I am working on Algebraic Combinatorics by Richard P. Stanley.
Problem 4 on Chapter 9 reads:
Let $p \ge 5$, and let $G_p$ be the graph on the vertex set $\mathbb{Z}_p$ with edges $\{i, i+1 \}$ and $\{i, i+2 \}$, for $i \in \mathbb{Z}_p$. Thus, $G_p$ has $2p$ edges. Show that $G_p$ has $pF^2_p$ spanning trees where $F_p$ is the $p$th Fibonnaci Number (assuming that $F_1 = F_2 = 1, F_3 = 2, \cdots$).
This chapter deals with the Matrix-Tree Theorem. The main formulas provided in this chapter are:
The Matrix Tree Theorem (to count the number of spanning trees)
The Laplacian Graph of a regular graph of degree $d$ can be expressed as: $$L(G) = dI - A(G)$$ where $I$ is the identity and $A(G)$ is the adjacency matrix.
If $G$ is a connected graph on $p$ vertices and the eigenvalues of $L(G)$ are: $$\lambda_1, \lambda_2, \cdots \lambda_p$$ where $\lambda_p = 0$, then the number of spanning trees in $G$ is: $$\frac{1}{p} \prod_{i =1}^{p-1} \lambda_i.$$
I tried working with the Laplacian matrices and the Adjacency matrices and tried using all $3$ of these formulas but was unable to find any patterns.
I feel like Binet's formula is going to be important here in order to represent the Fibonacci Numbers however none of the eigenvalues that I have seen so far seem even somewhat related to the terms in Binet's Formula.

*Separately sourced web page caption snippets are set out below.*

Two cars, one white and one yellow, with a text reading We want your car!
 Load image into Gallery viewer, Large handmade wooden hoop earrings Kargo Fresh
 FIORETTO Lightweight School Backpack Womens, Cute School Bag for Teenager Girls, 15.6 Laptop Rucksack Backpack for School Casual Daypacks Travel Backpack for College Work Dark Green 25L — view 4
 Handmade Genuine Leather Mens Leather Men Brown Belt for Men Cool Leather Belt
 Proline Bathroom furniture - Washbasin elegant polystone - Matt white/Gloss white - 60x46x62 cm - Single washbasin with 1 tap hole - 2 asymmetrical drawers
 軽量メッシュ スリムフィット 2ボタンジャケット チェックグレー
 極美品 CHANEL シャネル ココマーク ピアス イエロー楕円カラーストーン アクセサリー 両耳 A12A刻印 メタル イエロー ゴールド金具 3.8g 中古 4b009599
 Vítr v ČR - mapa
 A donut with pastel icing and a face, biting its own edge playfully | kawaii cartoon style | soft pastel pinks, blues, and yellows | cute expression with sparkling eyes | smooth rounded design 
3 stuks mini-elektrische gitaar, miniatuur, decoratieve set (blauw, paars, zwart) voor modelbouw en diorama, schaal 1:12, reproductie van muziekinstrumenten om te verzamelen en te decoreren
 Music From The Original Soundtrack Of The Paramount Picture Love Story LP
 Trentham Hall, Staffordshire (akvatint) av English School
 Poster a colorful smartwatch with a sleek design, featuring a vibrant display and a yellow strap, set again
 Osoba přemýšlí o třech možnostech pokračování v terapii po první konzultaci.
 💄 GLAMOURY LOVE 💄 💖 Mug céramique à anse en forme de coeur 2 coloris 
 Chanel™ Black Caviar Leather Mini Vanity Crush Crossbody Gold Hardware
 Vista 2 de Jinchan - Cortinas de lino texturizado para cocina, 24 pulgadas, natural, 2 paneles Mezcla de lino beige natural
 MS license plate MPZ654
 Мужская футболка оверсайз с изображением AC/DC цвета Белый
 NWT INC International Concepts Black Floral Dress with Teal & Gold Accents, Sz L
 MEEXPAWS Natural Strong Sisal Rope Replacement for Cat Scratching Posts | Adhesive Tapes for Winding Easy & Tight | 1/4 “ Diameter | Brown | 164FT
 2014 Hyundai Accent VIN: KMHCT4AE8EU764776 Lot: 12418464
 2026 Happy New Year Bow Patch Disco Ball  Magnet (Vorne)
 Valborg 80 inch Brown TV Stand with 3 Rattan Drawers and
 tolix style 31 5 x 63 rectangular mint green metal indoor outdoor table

How should I attack this problem?
I found a solution to the problem here.
Summary of the solution in case the link rots: First solve for the "unhooked" graph in which the edges $(p-2,0),(p-1,0)$ and $(p-1,1)$ are removed. ( we get $f_{2n-2} = f_n^2-f_{n-2}^2$ such graphs ). Notice that by rotating this "unhooked" graph that is contained in the circulant one we can get $n(f_n^2 - f_{n-2}^2)$ distinct subtrees. And then in order to get the remaining $n(f_{n-2}^2)$ subtrees do some shenanigans with rotation yet again.